In the 1991 book Generations, William Strauss and Neil Howe call this generation the "13th Generation" and define the birth years as 1961 to 1981 (the lowest birth rate year for this generation was 1970).
According to the authors, Generation X is "the 13th generation" to be familiar with the flag of the United States (counting back to the peers of Benjamin Franklin).[3] The label was also chosen because they consider it a "Reactive" or "Nomad" generation, composed of those who were children during a spiritual awakening.

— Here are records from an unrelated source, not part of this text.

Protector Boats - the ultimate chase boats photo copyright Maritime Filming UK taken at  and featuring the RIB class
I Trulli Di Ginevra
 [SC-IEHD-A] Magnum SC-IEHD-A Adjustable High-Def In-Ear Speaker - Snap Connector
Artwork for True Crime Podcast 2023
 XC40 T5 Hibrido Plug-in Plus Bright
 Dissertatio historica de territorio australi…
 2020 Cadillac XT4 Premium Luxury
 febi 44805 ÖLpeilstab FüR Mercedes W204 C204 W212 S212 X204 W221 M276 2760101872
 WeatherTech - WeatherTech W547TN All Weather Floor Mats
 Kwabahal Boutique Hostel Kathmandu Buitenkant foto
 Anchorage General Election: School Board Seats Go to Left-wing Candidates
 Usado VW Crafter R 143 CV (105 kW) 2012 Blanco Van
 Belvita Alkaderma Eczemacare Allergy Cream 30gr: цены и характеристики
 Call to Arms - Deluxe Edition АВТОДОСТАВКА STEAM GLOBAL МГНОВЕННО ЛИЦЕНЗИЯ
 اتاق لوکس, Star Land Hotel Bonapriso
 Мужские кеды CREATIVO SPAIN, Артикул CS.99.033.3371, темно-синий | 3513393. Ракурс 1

Older generations generally have negative perceptions of Reactive generations—whose members tend to be pragmatic and perceptive, savvy but amoral, more focused on money than on art[14] -- and the use of 13 is also intended to associate this perception with the negative connotations of that number.
The authors highlight this negative perception by noting the popularity of "devil-child" movies, wherein children are portrayed as malevolent protagonists (e.g. Rosemary's Baby[15]), released soon after the generation's first members were born.[16]

From Wikipedia:
Individuals considered to be within Generation X were born, and grew up during the later years of, and in the decade following the Vietnam War. They are most often linked to the presidencies of Ronald Reagan and George H. W. Bush.[17] Coming of age after the Vietnam War had ended, their political experiences and cultural perspective were shaped by the end of the cold war and the fall of the Berlin wall. Growing up in an historical span of relative geopolitical peace for the US, this generation saw the inception of the home computer, the rise of videogames, and the Internet as a tool for social and commercial purposes. Other attributes identified with this demographic are Dot-com businesses, early MTV, Desert Storm, 80's Rock, such as Van Halen and Bon Jovi, Grunge and Hip hop culture and punk rock bands such as The Ramones.
The US Census Bureau cites Generation X as statistically holding the highest education levels when looking at age group (bloc): US Census Bureau, in their 2009 Statistical Abstract. (Also see Education Statistics Canada, 2001 Census.)
In economics, a study (done by Pew Charitable Trusts, the American Enterprise Institute, the Brookings Institute, the Heritage Foundation and the Urban Institute) challenged the notion that each generation will be better off than the one that preceded it.[18] The study, 'Economic Mobility: Is the American Dream Alive and Well?" focuses on the income of males 30-39 in 2004 (those born April, 1964 – March, 1974) and is based on Census/BLS CPS March supplement data.[19]
The study, which was released on May 25, 2007, emphasized that in real dollars, this generation's men made less (by 12%) than their fathers had at that same age in 1974, thus reversing a historical trend. The study also suggests that per year increases in the portion of father/son family household income generated by fathers/sons have slowed (from an average of 0.9% to 0.3%), barely keeping pace with inflation, though increases in overall father/son family household income are progressively higher each year because more women are entering the workplace, contributing to family household income.[20]